By Roland Brown, Photography by KTM

Conventional ABS has improved steadily since the first systems of the 1980s. The latest versions are very impressive, but even the best are triggered only by wheel speed—they can’t anticipate variations in grip through lean angle or vehicle attitude, which means they can’t cope with more than a fairly modest angle of lean.

That’s set to change. Bosch’s new system, called Motorcycle Stability Control and debuting on the new KTM 1190 Adventure, adds a fresh wrinkle to ABS: the lean-angle sensor. This device is about the size and weight of a wristwatch that consumes less than a tenth of an amp of power and can relay information about a bike’s pitch and lean angles 200 times per second.

For the MSC development, Bosch’s team, based in Japan and Germany, combined the lean-angle sensor with the firm’s latest ABS 9M unit.
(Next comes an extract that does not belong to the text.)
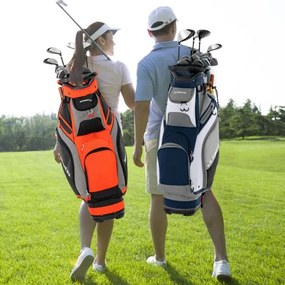 Saco para golfe Bolsa leve e portátil com 14 divisórias, 7 bolsos, capa para chuva, 42 x 31 x 91,5 cm  Vermelho alaranjado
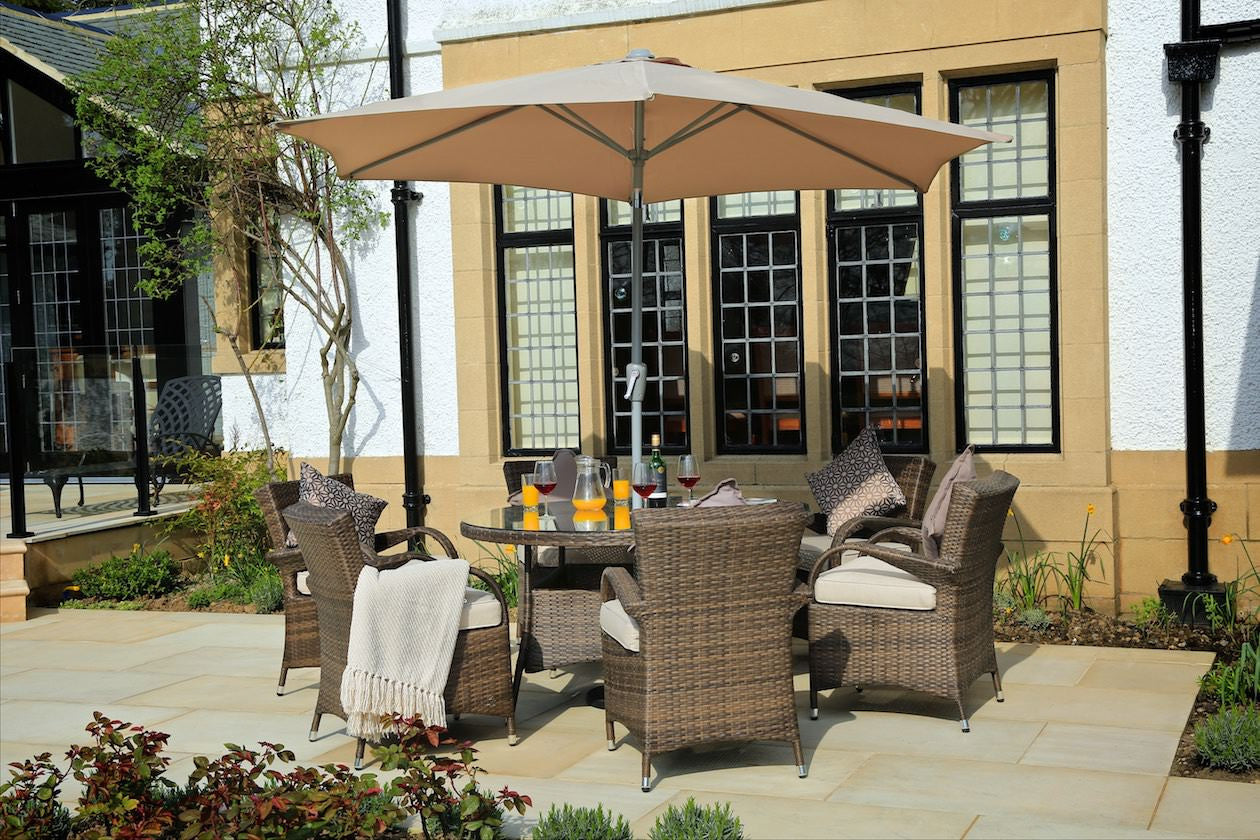 HomeRoots 211" x 55" x 32" Brown Outdoor Dining Set With Washed Cushion in 7-Piece Set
This team spent 18 months developing algorithms and testing. One engineer purposely crashed a bike fitted with conventional ABS, but Bosch insists that none of its riders crashed while using MSC.

MSC uses an array of sensors in addition to the lean-angle gadget to register the bike’s motion. Wheel sensors measure the rotational speed of front and rear wheels, and the lean-angle sensor computes lean and pitch every five milliseconds. Based on this information, plus known parameters including tire size, tire shape, and sensor location, the ABS control unit calculates the physical limits of brake force on the basis of lean angle.

If the MSC recognizes that a wheel is starting to lock, the ABS control unit activates the pressure modulator in the brake circuit. This lowers the brake pressure and builds it up again within a fraction of a second, with the result that the correct amount of brake pressure is applied to prevent each wheel from locking. The system links front and rear brakes and is also designed to give an ideal distribution of front/rear braking. The addition of the lean-angle sensor means the system knows in advance how much brake force the tires are likely to tolerate before an actual lockup occurs. As such, when a lockup does happen, it’s much closer to threshold braking than a full-on panic stop. And as a result of that, the ABS can react less aggressively to eliminate lockup.

The technical explanations and videos were convincing, but I was still slightly nervous as the gathered journalists approached the first test session at Bosch’s Boxberg proving ground near Frankfurt. We were shown a patch of polished cobbles and told to ride round and brake as hard as we liked while leaning over. Although the low-friction surface meant speeds would be low and cornering angles not great, I made sure to ride counterclockwise, so hopefully a spill wouldn’t damage my recently operated-on right shoulder. But I didn’t crash—however hard I tried. It was a weird feeling to grab a handful of front anchor while leaned over on such a slippery surface, feel the front end twitch, and continue riding instead of hitting the ground. A few times there was enough of a twitch that I momentarily thought I was crashing, but the system saved me every time.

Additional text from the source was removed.